What you are asked to do.
In the listing below, locate the line containing "LiNing Wade Collection" and the line containing "Pangama Jewelry Santa". Output both of them and every line between, exactly as written, and nothing more.
─── Study material
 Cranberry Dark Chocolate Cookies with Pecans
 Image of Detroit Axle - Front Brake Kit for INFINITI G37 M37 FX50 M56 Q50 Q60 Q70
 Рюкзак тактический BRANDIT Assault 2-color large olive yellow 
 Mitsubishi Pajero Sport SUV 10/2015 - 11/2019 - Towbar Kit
──────
─── Study material
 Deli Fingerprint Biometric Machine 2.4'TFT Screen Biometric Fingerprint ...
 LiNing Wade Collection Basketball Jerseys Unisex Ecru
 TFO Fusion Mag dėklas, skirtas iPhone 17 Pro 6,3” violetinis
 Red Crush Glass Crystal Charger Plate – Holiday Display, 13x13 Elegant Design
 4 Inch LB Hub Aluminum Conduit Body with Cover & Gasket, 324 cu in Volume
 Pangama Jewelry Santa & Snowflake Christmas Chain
──────
Output of the exercise.
 LiNing Wade Collection Basketball Jerseys Unisex Ecru
 TFO Fusion Mag dėklas, skirtas iPhone 17 Pro 6,3” violetinis
 Red Crush Glass Crystal Charger Plate – Holiday Display, 13x13 Elegant Design
 4 Inch LB Hub Aluminum Conduit Body with Cover & Gasket, 324 cu in Volume
 Pangama Jewelry Santa & Snowflake Christmas Chain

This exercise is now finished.